In the ambient paranoia that now surrounds top county teams it was almost unsurprising last week, that Kerry officials were able to shake a tree at Fitzgerald Stadium and dislodge a putative spy.
Donegal ‘named’ a side on Saturday lunchtime barely 24 hours in advance and still made two changes before the throw-in, not even informing Croke Park whose stadium announcer called out the bogus team as players warmed up. Kerry named their 15 on Thursday night and it started as selected.
Such things are harmless enough but clubs in Donegal have also been asked to ice their county championships in order to clear the decks for the county team. Two years ago after the All-Ireland made its way north-west, there were few complaints and the community obviously valued inter-county success above the basic entitlements of club players.
Other counties have done the same. Only last year Dublin CEO John Costello had this to say in his annual report. "While Dublin have achieved great success in recent years at inter-county level in both hurling and football, to some degree it has come at a cost to the club game and club players.
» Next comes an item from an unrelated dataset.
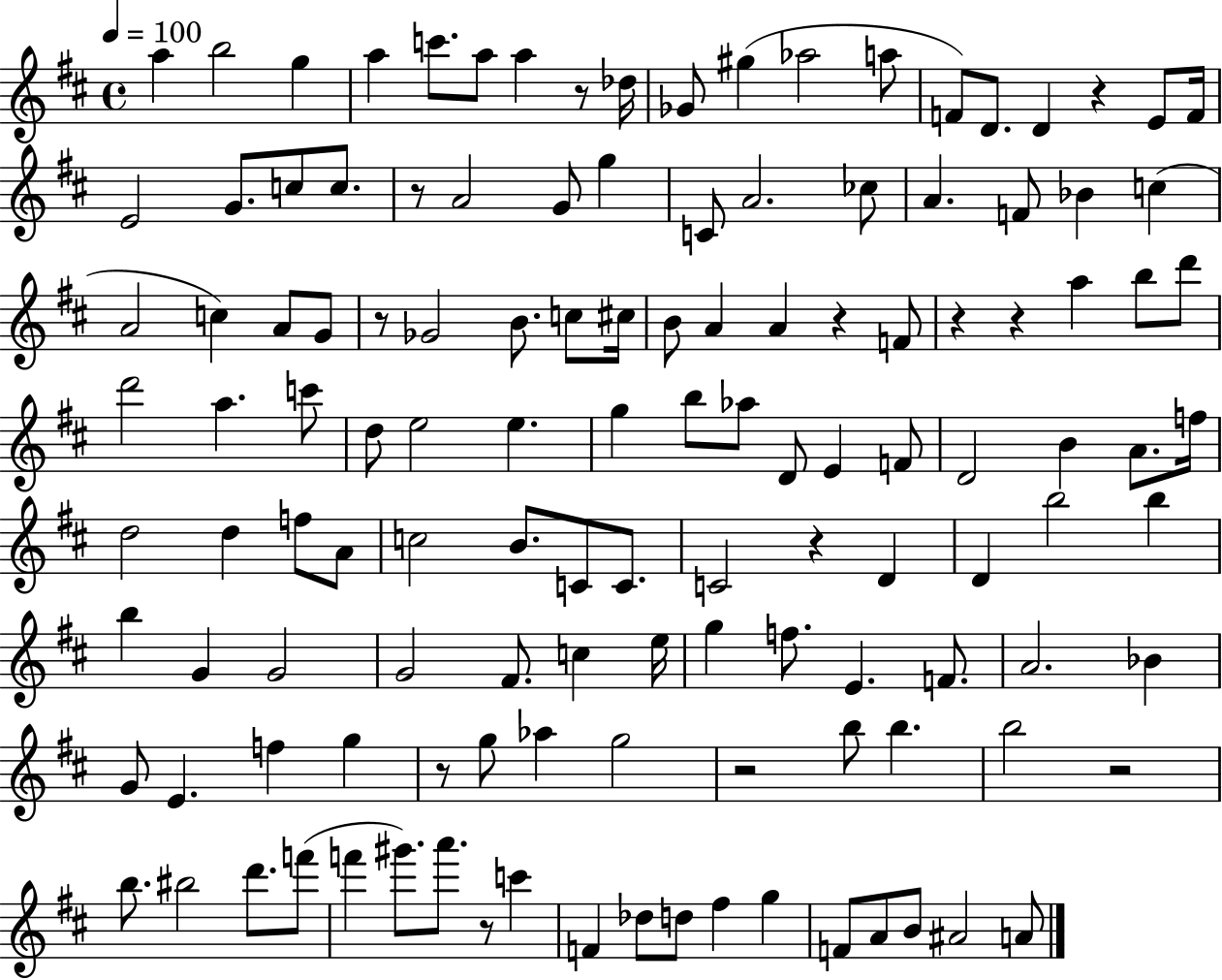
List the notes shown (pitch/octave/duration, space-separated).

A5/q B5/h G5/q A5/q C6/e. A5/e A5/q R/e Db5/s Gb4/e G#5/q Ab5/h A5/e F4/e D4/e. D4/q R/q E4/e F4/s E4/h G4/e. C5/e C5/e. R/e A4/h G4/e G5/q C4/e A4/h. CES5/e A4/q. F4/e Bb4/q C5/q A4/h C5/q A4/e G4/e R/e Gb4/h B4/e. C5/e C#5/s B4/e A4/q A4/q R/q F4/e R/q R/q A5/q B5/e D6/e D6/h A5/q. C6/e D5/e E5/h E5/q. G5/q B5/e Ab5/e D4/e E4/q F4/e D4/h B4/q A4/e. F5/s D5/h D5/q F5/e A4/e C5/h B4/e. C4/e C4/e. C4/h R/q D4/q D4/q B5/h B5/q B5/q G4/q G4/h G4/h F#4/e. C5/q E5/s G5/q F5/e. E4/q. F4/e. A4/h. Bb4/q G4/e E4/q. F5/q G5/q R/e G5/e Ab5/q G5/h R/h B5/e B5/q. B5/h R/h B5/e. BIS5/h D6/e. F6/e F6/q G#6/e. A6/e. R/e C6/q F4/q Db5/e D5/e F#5/q G5/q F4/e A4/e B4/e A#4/h A4/e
In recent years, the inter-county calendar has dictated when we play our local championships."
Blind eye
If elite counties are able to turn a blind eye to what happens to Gaelic games in their own locality they certainly aren’t going to feel any requirement to entertain or be popular.
Sunday’s match was a poor spectacle by any objective criteria: low scoring and poor finishing gave rise to one spell lasting most of the third quarter when the teams swarmed backwards and forwards for 12 minutes without either team troubling the umpires.
Even the players grew weary. Kerry had four attacks and Donegal three and still it remained 1-4 to 0-7, for what Kieran Donaghy said felt like three hours. For most people, denied the growing jubilation of Kerry supporters and the rising anxieties of Donegal’s, it was hard going no matter how allegedly fascinating the tactical nuances.
And if it’s all about winning, what’s the justification for losing?